Certainly, the hard-won "visibility" of ACT UP! demonstrations has spurred critics such as Sedgwick to account for such activism in writing theories dependent on some notion of the subculture. Sedgwick's sense of "self-placarded" admits agency and the visible, while semiotizing it. To those familiar with the standard practices of agitprop theater, or the Brechtian notion of "distanciation," ACT UP!'s strategies and Sedgwick's representation of them do not seem to diverge from numerous historical models. The Brechtian tradition of political theater has long regarded any modes of suturing as empathetic structures that retain mystified class relations, thus rendering every performing body a placarded demonstration of social gesture — either complicit with dominant practices or, in Brechtian epic practices, a challenge to the status quo. However, what Sedgwick identifies as the queer-specific mode of performativity is one catalyzed by "shame," distinguishing it from those propelled into representation by other mechanisms of oppression, such as class relations in the Brechtian model. Unlike the material relations of class, the catalytic relation of "shame" to "performativity" establishes a bridge between internal dynamics and the order of the visible. This crossing of the internal/external divide may provide the key contribution of "queer" to "performativity" that has made the compound so inviting to theorists in recent years. Diana Fuss, in her introduction to the influential anthology inside/ out, marks this relation as the signature of new critical practices. We will see in a later discussion just how this works along the borders of the visible and writing. Yet Sedgwick only passingly admits demonstrations into her discussion. Instead, she ultimately settles upon Henry James's prefaces in the New York edition of his work as the prime site of performativity.
Before addressing the consequences of that settlement, I want to turn briefly to Butler's use of "queer performativity" to explore just how reading and writing have been made to overtake traditional notions of performance. In "Critically Queer," Butler emphasizes that "there is no power, construed as a subject, that acts, but only a reiterated acting that is power in its persistence and instability" (1993, 17). Butler's mission is to evacuate traditional notions of the subject/agency from within the system of performativity. She emphasizes that "performativity, then, is to be read not as self-expression or self-presentation, but as the unanticipated resignifiability of highly invested terms" (28). Butler continues, working from J. L. Austin, to locate such performativity within studies of speech acts, asserting that "performative acts are forms of authoritative speech." Reframing the operations of "queer" within those of "performativity," Butler finds that "the term 'queer' emerges as an interpellation that raises the question of the status of force and opposition, of stayability and variability, within performativity" (18). The term "queer," operating within these parameters, provides the solution to earlier conundra that Butler identified in her influential article "Imitation and Gender Subordination," in which she problematizes the rubric "lesbian theory."
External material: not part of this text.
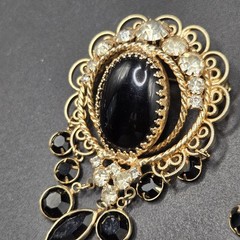 Gold Tone Black Oval Glass Brooch Pin & Matching Clip-On Earrings Jewelry Set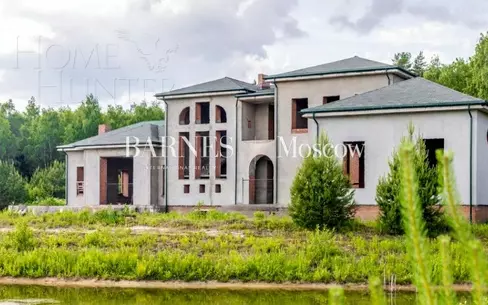 2-этажный коттедж 1 400 м² без отделки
To install myself within the terms of an identity category would be to turn against the sexuality that the category purports to describe; and this might be true for any identity category which seeks to control the very eroticism that it claims to describe and authorize, much less "liberate." ... For it is always finally unclear what is meant by invoking the lesbian-signifier, since its signification is always to some degree out of one's control, but also because its specificity can only be demarcated by exclusions that return to disrupt its claim to coherence. (1991, 14–15)
For Butler, "lesbian" as an identity is overdetermined by heterosexuality. It is actually produced by homophobia, articulates the, by definition, unarticulable in its claim to sexuality, is both "out of control" for those reasons and oppressive in drawing exclusionary borders of specificity. "Queer" evacuates the fulsome problematic of "lesbian" to operate as an unmarked interpellation, thus avoiding that exclusionary specificity.
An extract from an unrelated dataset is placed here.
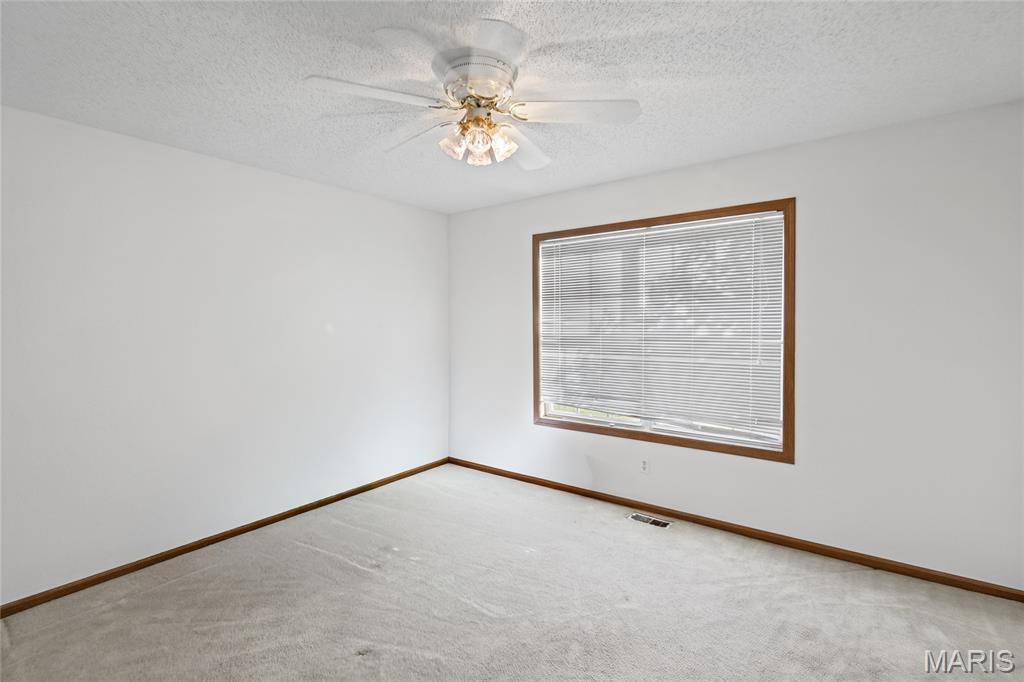 2800 Timberline Drive Property Photo 11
"Queer" occurs within "performativity," which Butler in the earlier article defines as evacuating "performance" by denying "a prior and volitional subject"; in fact, as she would have it, "performative" "constitutes as an effect the very subject it appears to express" (24). Unlike Sedgwick's, Butler's sense of performativity sets out to contradict traditional agitprop or Brechtian theatrical strategies that encourage actors and spectators alike to imagine themselves as an agent of change. Butler gives over that agency to a "reiterated acting that is power in its persistence and instability ... a nexus of power and discourse that repeats or mimes the discursive gestures of power" (17). She insists that the subject is merely a product of such iterations:
Where there is an "I" who utters or speaks ... there is first a discourse which precedes and enables that "I." ... Indeed, I can only say "I" to the extent that I have first been addressed, and that address has mobilized my place in speech; paradoxically, the discursive condition of social recognition precedes and conditions the formation of the subject. (18)
Generally, this treatment of subject formation is familiar to readers of poststructuralist or even Gramscian theory. The signature of Butler's strategy here resides in its own emphasis on "precedes and conditions."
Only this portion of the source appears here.